Gaby Hinsliff makes some very interesting points in her article (The death of the middle-class professional spells danger for Labour, 2 January). But as so often, averages hide a range of experience. I look at my own graduate daughters and their contemporaries.

My eldest is 27 and a junior doctor, so she earns more than those average graduate salaries (looking at gross not hourly rates). But some of her friends who graduated slightly earlier with very good degrees have high-flying jobs, earning more than £50,000 within a couple of years of graduation. Others, though, have struggled to find secure, well-paid jobs.

My youngest (aged 24) has a public sector clerical job at about £25,000, and most of her peers are on similar salaries. The expansion of white-collar jobs in the postwar era fuelled social changes. It’s too soon to declare the middle-class professional dead, but the shrinking of that sector will also have profound social impacts. The obvious example is housing. We’re fortunate enough to be able to help both of our children into owner-occupation. But that won’t be the case for all. The effect will be to increase social divides and reduce social mobility. We’ll see a smaller number in high-paid white-collar jobs and some will start to question the value of a university education if all it leads to is debt and insecure employment. It’s not a happy prospect.
Iain Forsyth
London

As Gaby Hinsliff notes, human perception of success is a relative thing, and the expansion of salaries at the top is as disconcerting to those who think of themselves as the middle as the rise of the lowest. In higher education, the salaries of university lecturers are often shockingly poor, considering the qualifications required. Law graduates working for good firms can, within three years, be making many times the pay of those who so recently taught them. Graduates working in finance are even better rewarded. Whatever the economic arguments of taxation for top earners, the government must surely realise that there are much greater – if less immediately obvious – societal benefits to making ours a more equal country.
Lesley Smith
Oxford

Inflation plus stagnant wages plus a terrible job market means the jobs I’m now applying for pay 20% to 30% less than I was paid nine years ago, before I had a master’s and a PhD. As a recently graduated doctor of economics looking for work in the UK and in the public sector, the numbers just don’t work.
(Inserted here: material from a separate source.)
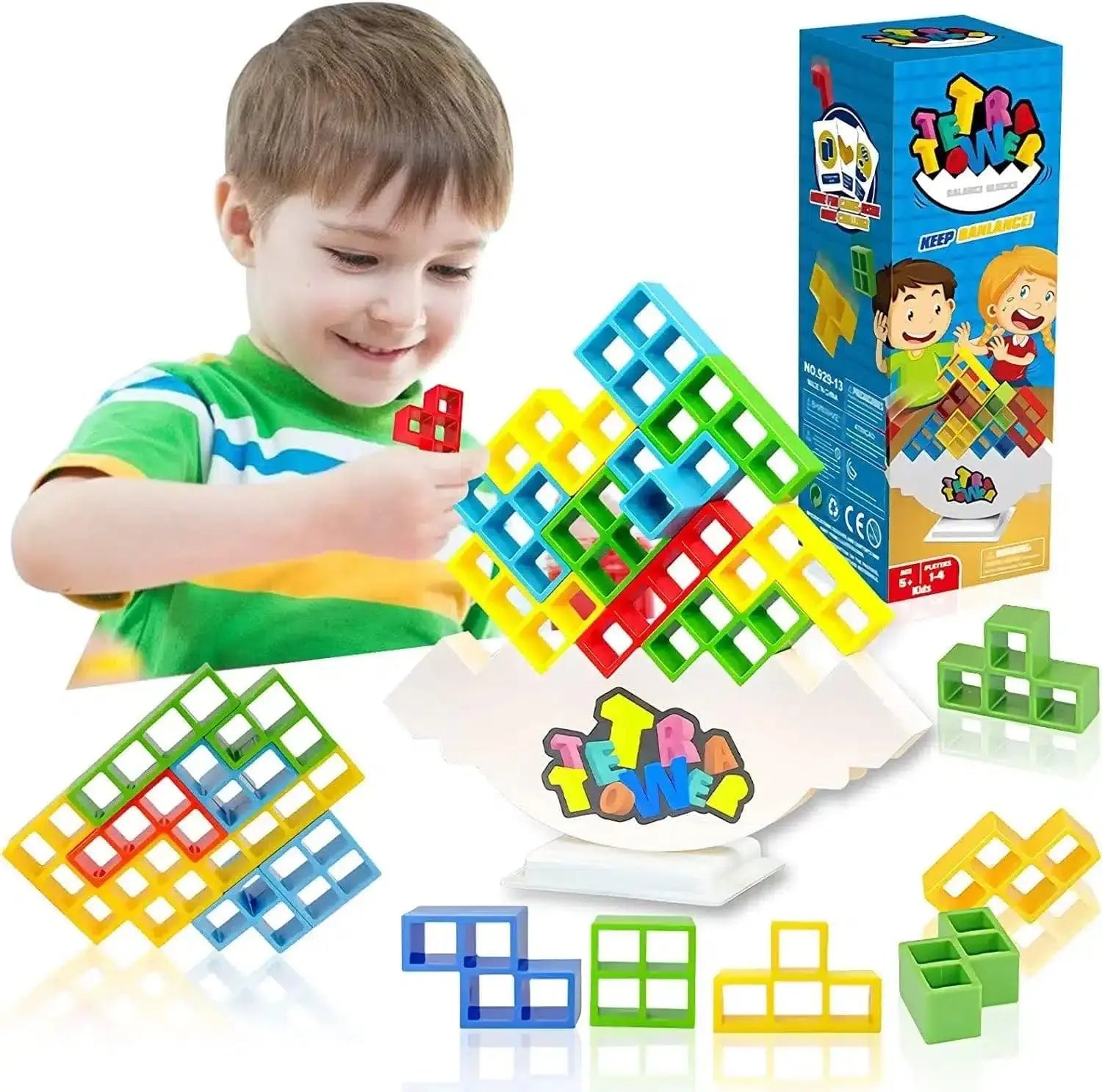 48 pieces with base Tour Tetra - Stacking Balance Game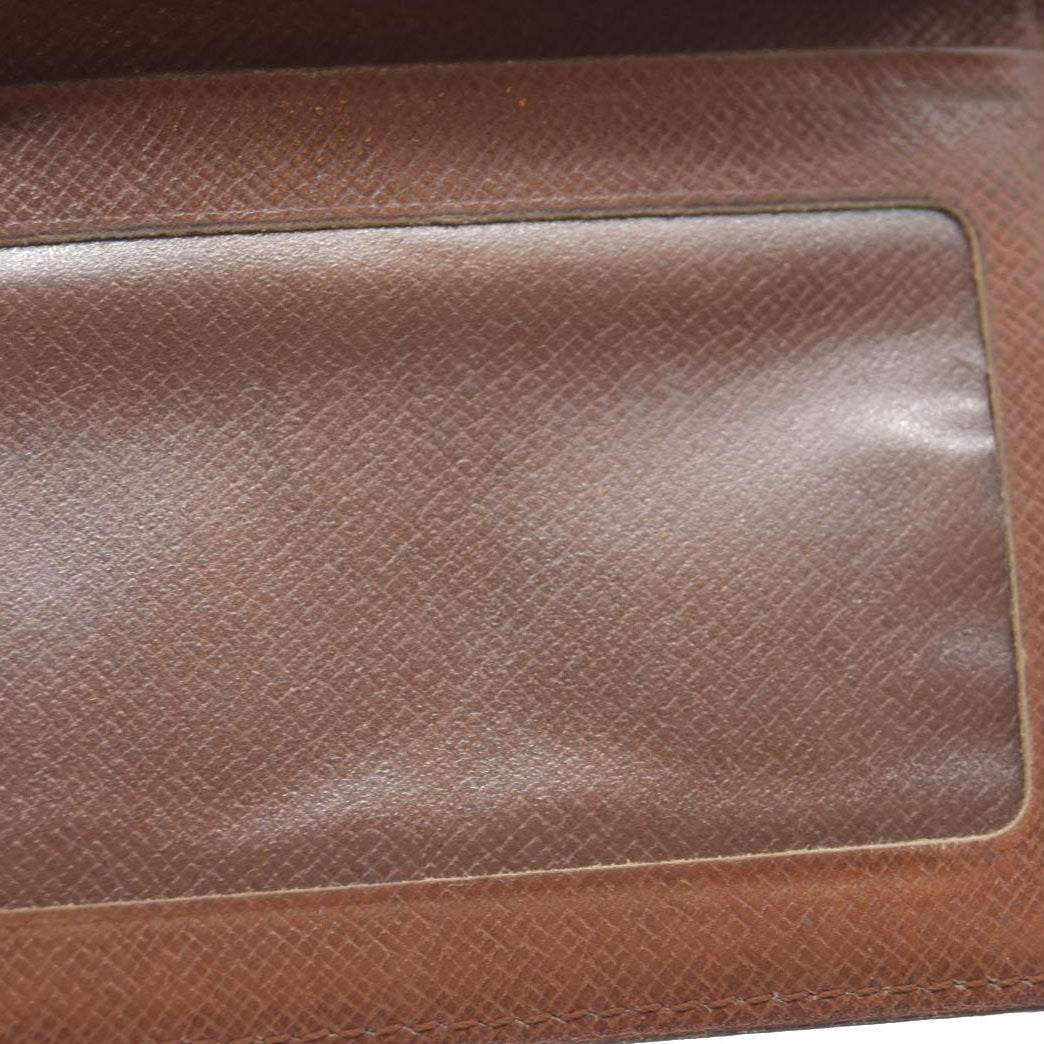 $350 Louis Vuitton Monogram Porte 2 Cartes Vertical Pass Card Case Brown 874A2 CONSIGNMENT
I’m a single 36-year-old millennial woman and still live with my parents because of low wages and high housing costs. No wonder the birthrate is collapsing when we can’t afford our own place to live before our 40s – my own fertility window is rapidly closing, while I plug away at job applications rather than dating apps.
Dr Caroline Bentham
Wetherby, West Yorkshire

Gaby Hinsliff rightly highlights Peter Turchin’s book about overproducing elites. As a commentator of the 1790s observed about the drivers of the French Revolution “Beware of poor lawyers!” – an apt description of Robespierre, Danton and others. The pushing down of bourgeoise salaries has been obvious since Thatcher and Reagan introduced neo‑liberalism in the 1980s. Its endgame is a society of the super‑rich and equality for the rest at a level of poverty. This will not be sustainable.